04 January 2021 18:00

Have you ever made a mistake? Be it to a friend, family member, or even co-worker? If so, do you say sorry for the mistake that you made?

Young children acquire new behaviours through learning and/or observing the people around them, that is their natural instinct. That being said, parents who want their children to have a specific quality have to show said quality from a young age. Apologizing is a good way of teaching children to take responsibility for their actions.

As a parent, of course, you would want your children to have good morals, do what is right, and have the best qualities. This is why people teach their children how to conduct themselves as a member of a society or among their peers. But sometimes parents don’t do as they preach. There are parents who think saying sorry is a sign of weakness, especially to their children. This is wrong. Apologizing can be very rewarding as it relieves someone from the burden of their mistake and this should be taught to children by doing the same thing to them. To make a mistake is very normal, very natural. Those mistakes could be as simple as unintentional mistakes, white lies, or doing something impulsive. What counts is what you do after making a mistake.

Making a mistake and apologizing for it could make oneself feel ashamed of their actions. But with the lack of apology, children would believe that they are incapable of making mistakes, or even that it is unnatural for a person to make a mistake.
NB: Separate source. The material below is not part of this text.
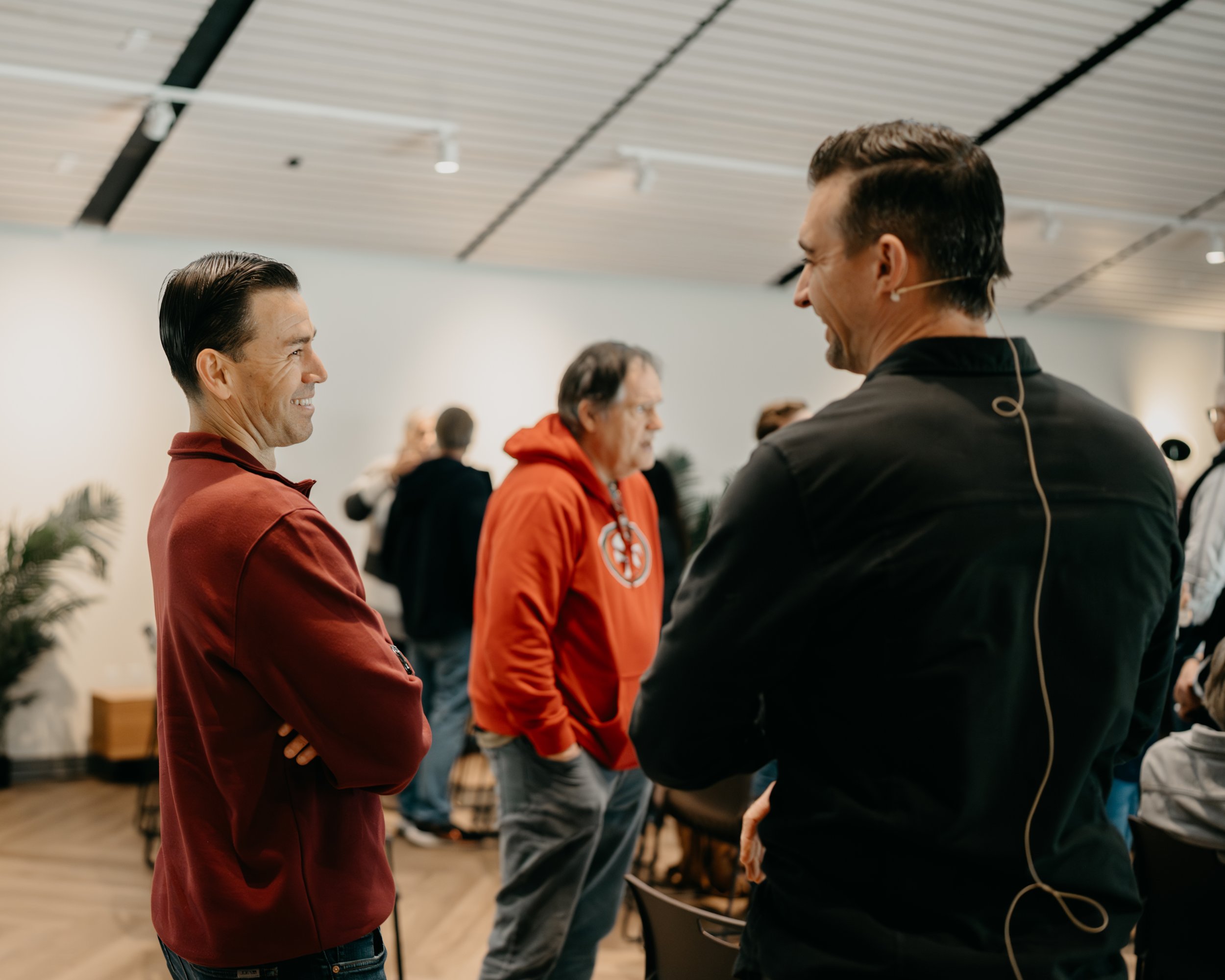 Two men are talking and smiling in a room with several people in the background. One man is wearing a red jacket, and the other is dressed in black. The room has a modern ceiling and some plants.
What parents don’t realize is that if children are taught to apologize at a young age, they would have better development of empathy and they would have a better relationship with their children. Because when parents did something wrong and would not apologize, that could potentially leave a lasting scar for their children that they could remember for a long time. What children would learn from parents who are unwilling to apologise is that people of higher power don't have to apologise when they do something wrong and the people who love you and you love have the potential to hurt you. These kinds of thoughts could create trauma or trust issues that would last until adulthood.

How parents convey their apologies is also important. From a very young age, children should not be shamed for having feelings and their own thoughts on things and to express their feelings. Sometimes parents would discount children’s feelings by calling them ‘over-exaggeration of their feelings’, they act as if children’s feelings are not as was told. No matter how downplayed or exaggerated their expression of their feelings are, do not undermine their feelings and joke about it. This should not affect parents’ deftness in handling their children’s feelings. Which is another point, apologize as soon as possible, don’t take too long to approach your children and express how sorry you are. Children might not understand why you are apologizing so it is important to explain why you said sorry so that children would understand which behaviour was not good and so that they would not do the same behaviour.